— Игру разрешено предложить, бугор? — спросил, ковыряя в зубах, Вазелин.
— Но без карт, пожалуйста! — попросил Убей-Папу. — Меня предупредили…
— Ты чо буровишь? Какие карты?! — возмутился Вазелин. — Самая народная, доступная каждому игра. Из зала приглашаются на сцену две команды по пять человек. Одной команде даёшь спичечный коробок и другой — ту же тару. Командуешь — начали! Кто вперёд полный вшей наберёт, тот и победит. Мы на Линьковом в двадцать минут управлялись. Смех, веселье!
— Вши не пойдут. Руководство против вшей.
— Врёшь, блоха конопатая! По глазу вижу — врёшь! Начальство поддержит: ловкость у людей развивается и коллективизм.
— На Линьковом вша не чета нашей, — зевнул с потягом Ключик, — энергичная, крупнее местной. По хребту бежит — спина прогибается. Местная для такого мероприятия не годится.
— А вот и годится, если тару уменьшить!
— Зажимают вшивые твои таланты, Вазелинчик, — посетовал одноухий проходчик Пашка Палей, — завистники!
— Кламбоцкий, вы фокус показать хотели! — культработник старается перекричать развеселившихся зэков.
— Потерпи, Серёжка, потерпи. Зашью тельник — всё увидишь. Тайна чёрной магии. Исчезновение предметов. Я — единственный хранитель тайны…
— Можно так записать для конферанса?
— Только так, и не иначе! Скромно, без пошлости. Сам в каком жанре подвизаешься?
— В драматическом…
— Не ошибусь — играешь Робин Гуда.
— Нет, что вы!
— А жаль…
…Фунт повернулся к Упорову, сказал:
— Воры прислали человека. С поручением…
— Сосульку?
— Угу. Дьяк должен выйти из зоны не позднее тебя. Сходка постановила.
— Выйдет на общих основаниях…
— Может, сказать при всех Дьяку, чтоб перестал кроить?
— Подумаем. Ещё есть время. Ты не отказывайся и не обещай. Понял?
Фунт не ответил. Зэки сидели рядом, закованные в томительное молчание, отгороженные своими заботами от общего веселья. Левую щеку Граматчикова подёргивает тик, но, похоже, он не чувствует, и Вадим смотрит на её короткие, тряские прыжки в надежде — она сейчас устанет и остановится. Должна же наконец!
Щека трясётся…
Потом было услышано и понято обоими. Вадим убрал взгляд от щеки Евлампия. Негромкие слова прошли сквозь их общую тишину:
— Я прочту стихи…
И опять тишина, и они решили — она замкнулась, она снова — броня. Щека замерла, тягуче, напряжённо, как застывающее на морозе тесто. Держится из последних сил на самом, кажется, пределе. Вслед за тем, кто обещал читать стихи, сказал ещё один злой и ехидный голос:
— Валяй лучше молитву.
Его сердито обрывают:
— Не выступай!
— Можно и молитву, — соглашается Монах, — точнее: не молитву, проповедь.

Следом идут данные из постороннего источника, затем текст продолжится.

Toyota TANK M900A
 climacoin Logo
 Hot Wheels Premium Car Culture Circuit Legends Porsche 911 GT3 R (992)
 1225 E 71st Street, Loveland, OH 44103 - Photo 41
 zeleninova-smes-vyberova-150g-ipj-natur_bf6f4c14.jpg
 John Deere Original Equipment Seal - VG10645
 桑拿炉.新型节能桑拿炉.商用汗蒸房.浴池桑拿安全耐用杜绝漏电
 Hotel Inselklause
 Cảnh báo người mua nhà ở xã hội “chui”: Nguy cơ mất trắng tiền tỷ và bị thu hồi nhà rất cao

— От чегой-то нас Бог не бережёт?! Объясни!
— Не смейте! — почти на визге запротестовал Убей-Папу, но Иосиф Гнатюк закрыл ему широкой ладонью рот.

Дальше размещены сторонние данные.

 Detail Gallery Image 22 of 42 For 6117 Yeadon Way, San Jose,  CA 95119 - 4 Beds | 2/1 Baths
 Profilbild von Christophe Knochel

…Мучительные мысли вернулись из затянувшего их тихого омута, всплыли со дна в огромном пузыре, который лопнул на поверхности беззвучно. Отец Кирилл стоял в кругу, очерченном светом единственной лампы. Белое лицо с рублёвских икон над чёрным сатином русской косоворотки загадочно непроницаемо. Рука, та, которую Вадим помнил пришитую к столу финкой Ведьмы, лежит лебединым крылом на куске ночи у изгиба локтя, и кровь, пролитая отцом Кириллом, сочится из памяти тяжёлыми, тёплыми каплями. Живая… Кап! Кап! Кап!
Красные слёзы — в глазах, сквозь них человек, пытающийся объяснить тебе своей жизнью, для чего нужен твой приход в этот безобразный мир. Зачем?! Как он, ты всё равно не сможешь — не дано, как есть, не хочешь, но живёшь. Циничное надругательство над жизнью — это странное её прожитие. Весь отпущенный срок по указанной тропке, в указанном направлении, в потёмках чьей-то безумной воли… Ползёшь? И поди высунься из миллионной шеренги — тут же станешь мишенью. Он встал. Или не падал… Идёт, хоть и туда же, куда все — к смерти, но не в страхе ожидания, в несомненной уверенности своего постоянного продолжения.